A Tale from the Second Generation
Paulina Wilk
Reading
time 7 minutes

The United States is a bitter land. Born as a colony, deep down it remains one to this day. Its top priority – accumulation of wealth – was encased in the ideals of equality that were to remain of secondary importance forever. To strip America of its false promises, to expose its ruthlessness and only then, having done it all, declare his love for it – this is a feat that America’s unwanted son managed to accomplish.

To his homeland, Ayad Akhtar is a troublesome child. He does not fit. He doesn’t match the stereotypes that arrange the world into various xenophobic categories, but he doesn’t fall into the slot reserved for those basking in the American Dream Fulfilled, either.

Akhtar comes from a Muslim family, is dark-skinned and has a Pakistani surname. But he was born in Staten Island, raised in Wisconsin.
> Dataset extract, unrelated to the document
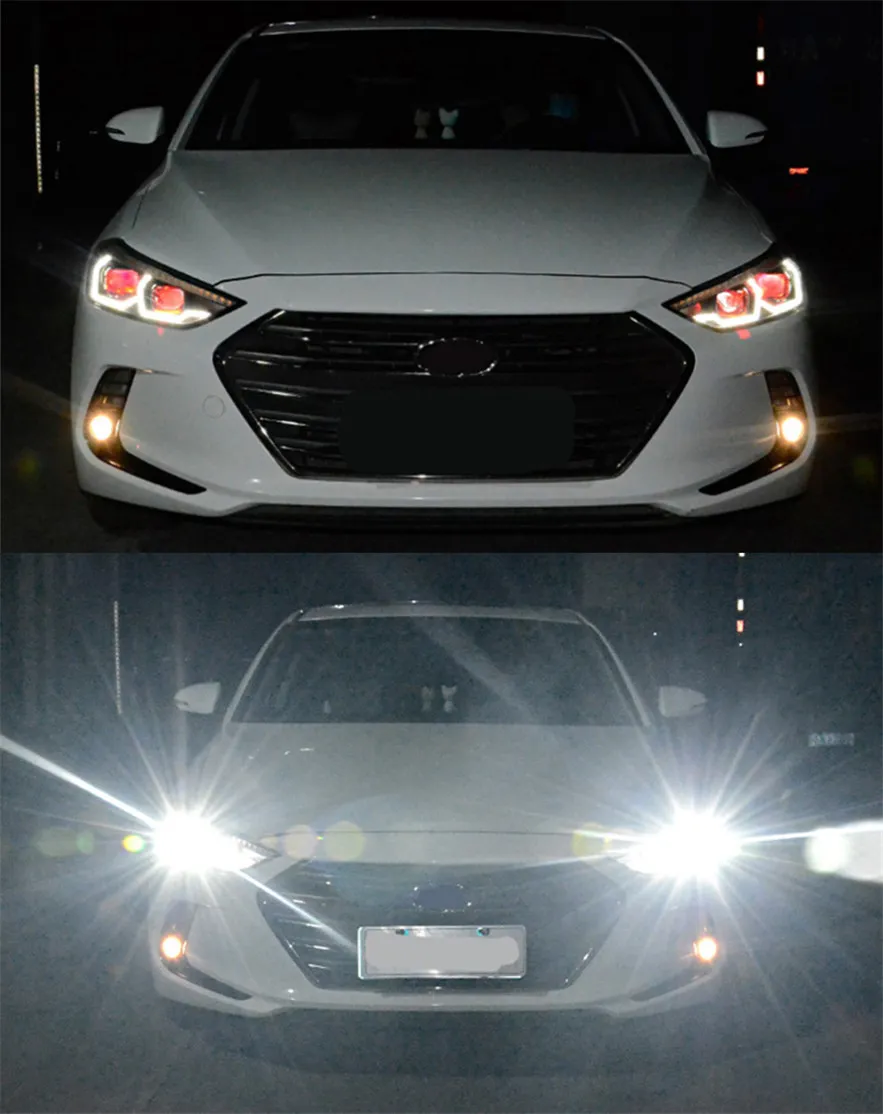 Car LED Headlight Assembly For Elantra Front Headlights Replacement 20 16-20 20 BMW Type DRL Daytime Light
He is successful; his plays premiere on Broadway, and he has received a host of accolades, including the Pulitzer Prize, the Arts and Letters Award in Literature, and two Tony Award nominations. Each of Akhtar’s new works makes waves in literature and theatre. The only problem is that he doesn’t try to woo America in them. He addresses his reservations, tears down the neat facades, picks at the old wounds. Many would prefer for him to just “shut the hell up” and “go back to where he came from”. So where, exactly?
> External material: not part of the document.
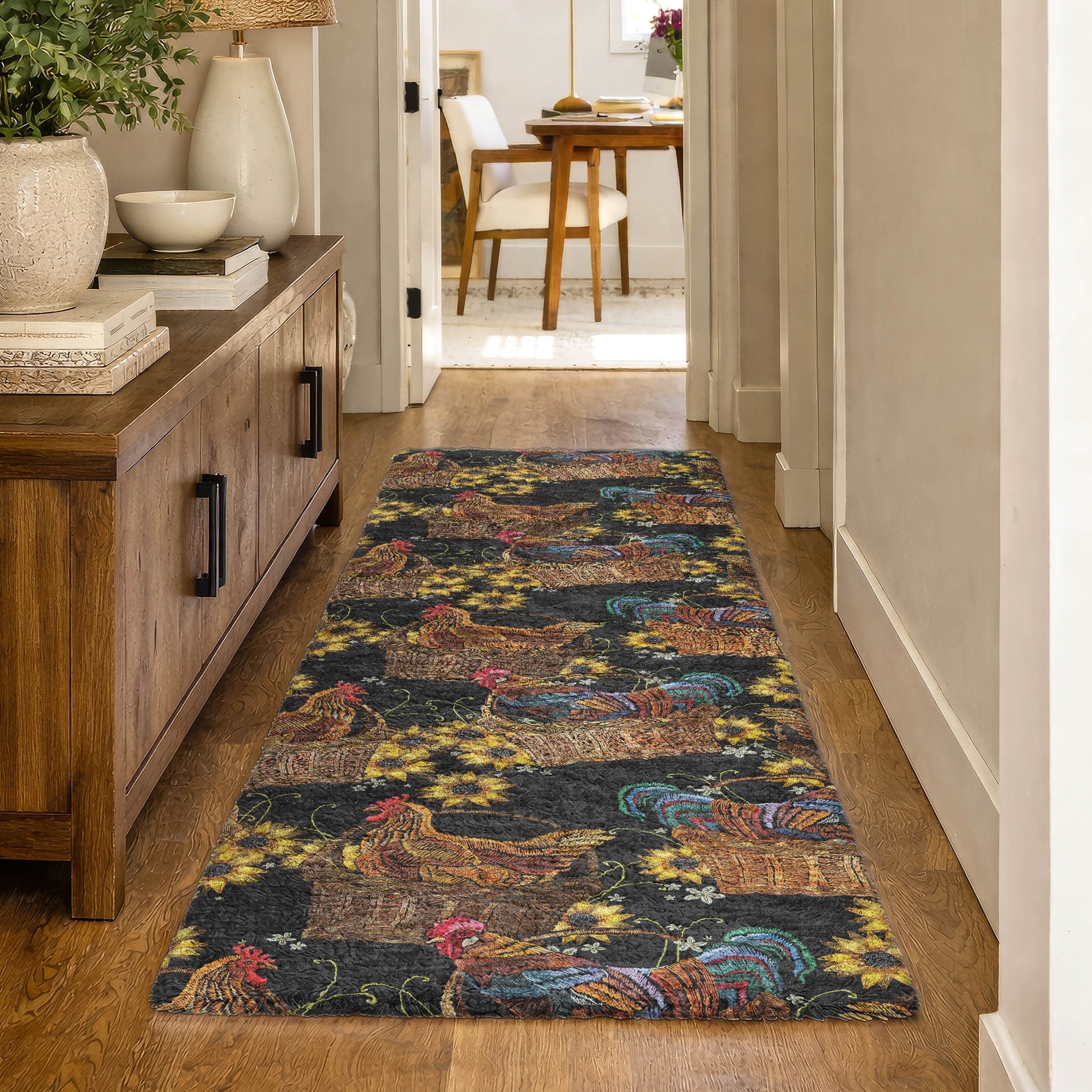Premium Washable Super Soft Rooster Dream Shag Rug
Recently published in the US, Homeland Elegies is the second novel by this exceptionally gifted playwright and author. It is a confession of love and loyalty to the only country in which he can live and fully self-realize as a constantly emblematized and limited being, always alternately elevated or degraded, appreciated or excluded. Every identity is complex, and therefore doesn’t fit the contemporary reality that pushes for radical simplification. We live in a civilization of the banished, created by the migrating Homo sapiens species, thus by visitors. And yet we keep blacklisting other people. We erect strongholds of the exclusively sanctioned perspective, and push everyone else into their own forts, preferably located very far away. Ayad Akhtar has written a novel that is American to the bone while keeping it undeniably global, centred around how we choose to sell the subtlest of our most elementary particles: the sense of belonging. In a polarized world, cynically divided by political narratives, any one of us can feel unwanted and cast out from their own home – the only environment in which they know how to be themselves. Each and every one of us is the representative of an endangered species.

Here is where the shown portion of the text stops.